- Why this still matters
- How fare data flows
- The core building blocks
- Rule categories (plain English)
- Footnotes, without the mystery
- Routing vs MPM (and construction)
- YQ/YR, Cat 12, and taxes
- A realistic pricing workflow
- Keeping prices honest
- Caching what actually helps
- Frequent failure modes
- Engineering patterns that work
- Bridging to Offers & Orders
- Where continuous pricing fits
- What to monitor
- A short implementation checklist
- Mini glossary
- Sources & further reading
- Disclaimer
If you build airline retail or pricing systems, ATPCO fare filing isn’t “legacy noise”-it’s the rulebook most of the ecosystem still plays by. Even if you’re racing toward dynamic Offers & Orders, the filed world powers interline, agency distribution, and servicing. Understanding it well makes modernization safer and faster.
1) Why this still matters
- It encodes policy, not just prices. Advance purchase, seasonality, who can buy, how you can combine-filed data describes the product you intend to sell, consistently, in every channel.

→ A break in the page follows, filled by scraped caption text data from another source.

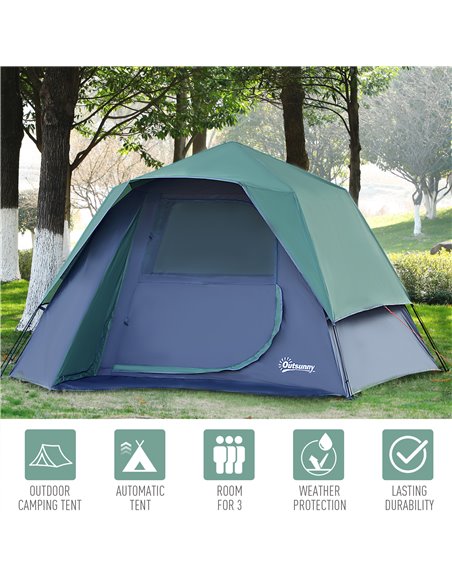 Outsunny Lightweight Camping Tent, 3/4 Person, Fibreglass Frame, Waterproof, Green A20-123 - pic 64773 | FastDaddyshop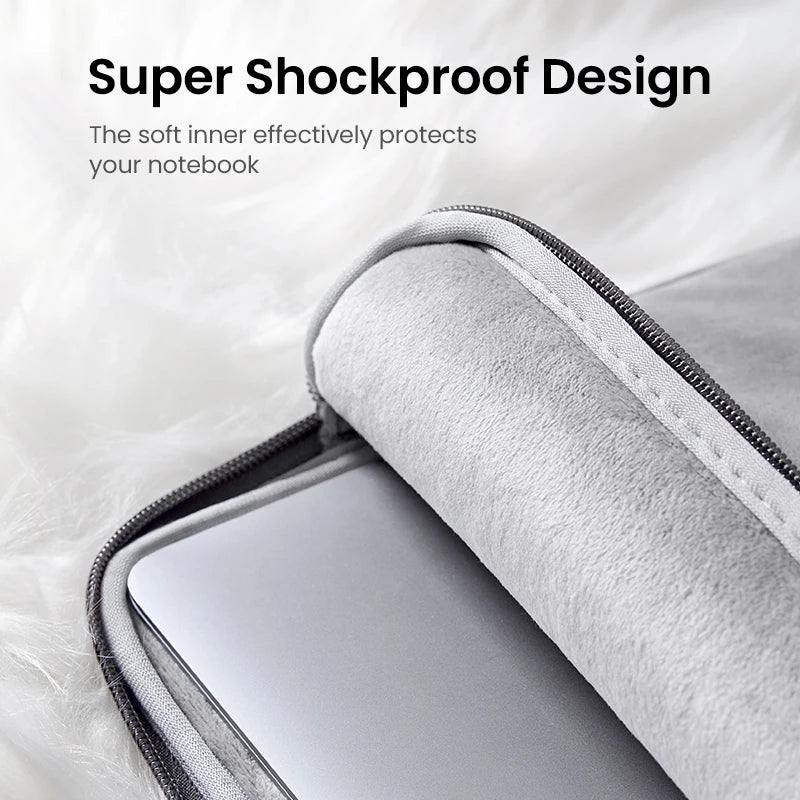 UGREEN Leather Laptop & iPad Sleeve – MacBook Pro/Air 13–14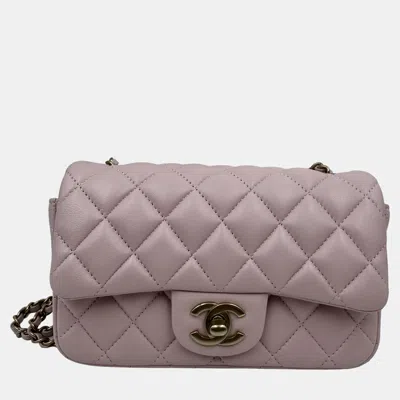 Pre-owned Chanel Pink Quilted Leather Mini Rectangle Classic Single Flap Bag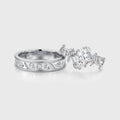 Nature Inspired Moissanite Couple Rings | D Color VVS1 | Rose Gold Leaf Wedding Bridal Set
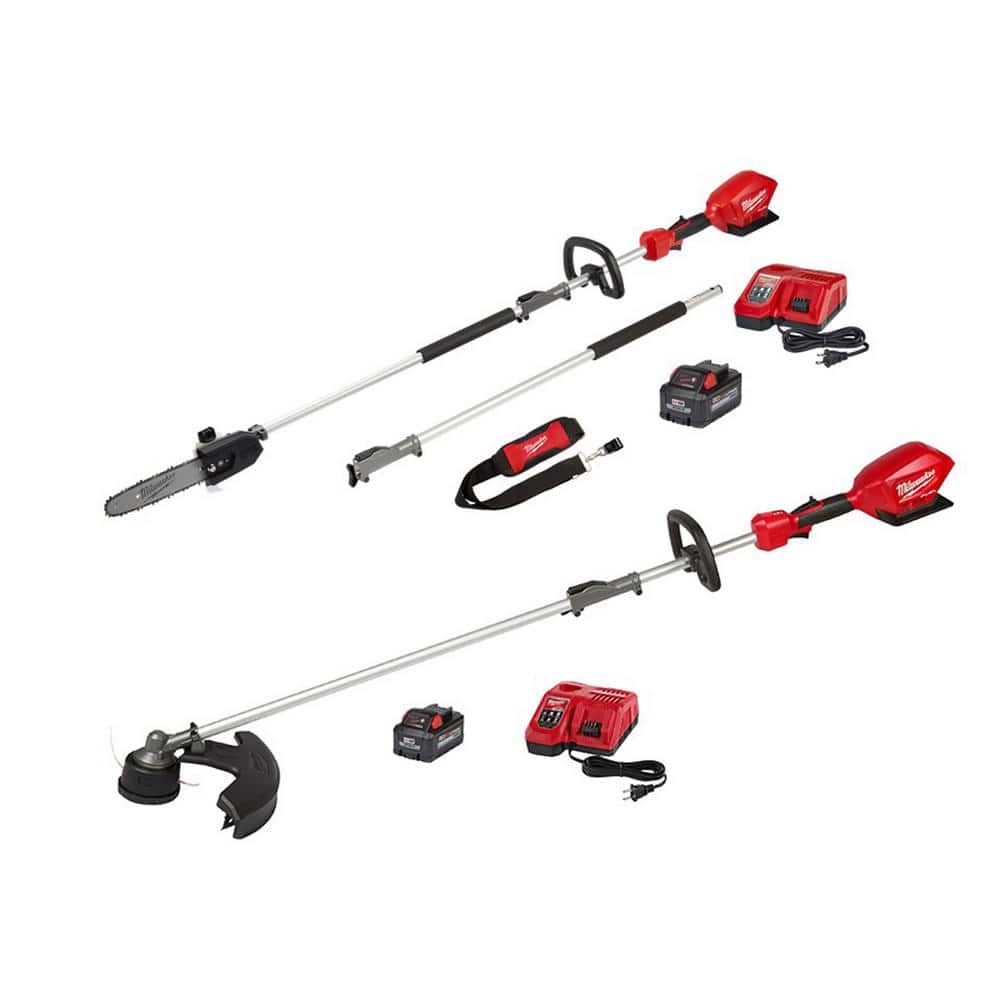 Milwaukee M18 FUEL 10 in. 18V Lithium-Ion Brushless Electric Cordless Pole Saw & String Trimmer Combo Kit w/ Two 8.0 Ah Batteries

- It keeps you interoperable. GDSs, pricers, and settlement rely on shared semantics; filed fares are the lingua franca across carriers.
- It protects servicing and compliance. Refunds, changes, taxes, and disclosures lean on what you filed. Skip it, and you invite ADMs and disputes.
Modern pitfall: jumping straight to dynamic pricing without a bridge to filed fares. You’ll ship faster-and break more-than you expect.
2) How fare data flows
- Authoring. Pricing/RM define base fares, attach rules and footnotes, and prepare batches.
- ATPCO processing & distribution. Validation, normalization, and distribution to subscribed systems (GDS, pricing engines, tax engines, data lakes). This is a source of timing/latency mismatch.
- Shopping & pricing. Engines combine itinerary + inventory (RBD) + your filed data to form priceable candidates.
- Ticketing & settlement. Fare basis, endorsements, amounts, and references make it onto the ticket/EMD and drive reissues, refunds, proration, and clearing.
Reality check: Every hop (authoring → ATPCO → cache → seller) is a chance for your price to drift from host inventory. Design for it.
3) The core building blocks
- Fare record (base fare). Market, direction (OW/RT), currency, tariff, rule number, footnotes, dates, public/private flag, etc.
- Fare basis code. Short-hand label customers never see fully; the rules clarify its meaning.
- Rule number. Points to reusable rule content (categories).
- Footnotes. A way to share or scope conditions across multiple fares without duplicating data.
- RBD mapping. The inventory class a fare requires (e.g., Y, M, J). If the bucket closes, the fare isn’t usable.
- Optional Services & Branded Fares. Filed separately; used to define brand attributes and ancillaries in a standard way.
- Constructed, Cat 25/Cat 35. Build fares from parts (add-ons), transform bases, or carry negotiated/private amounts.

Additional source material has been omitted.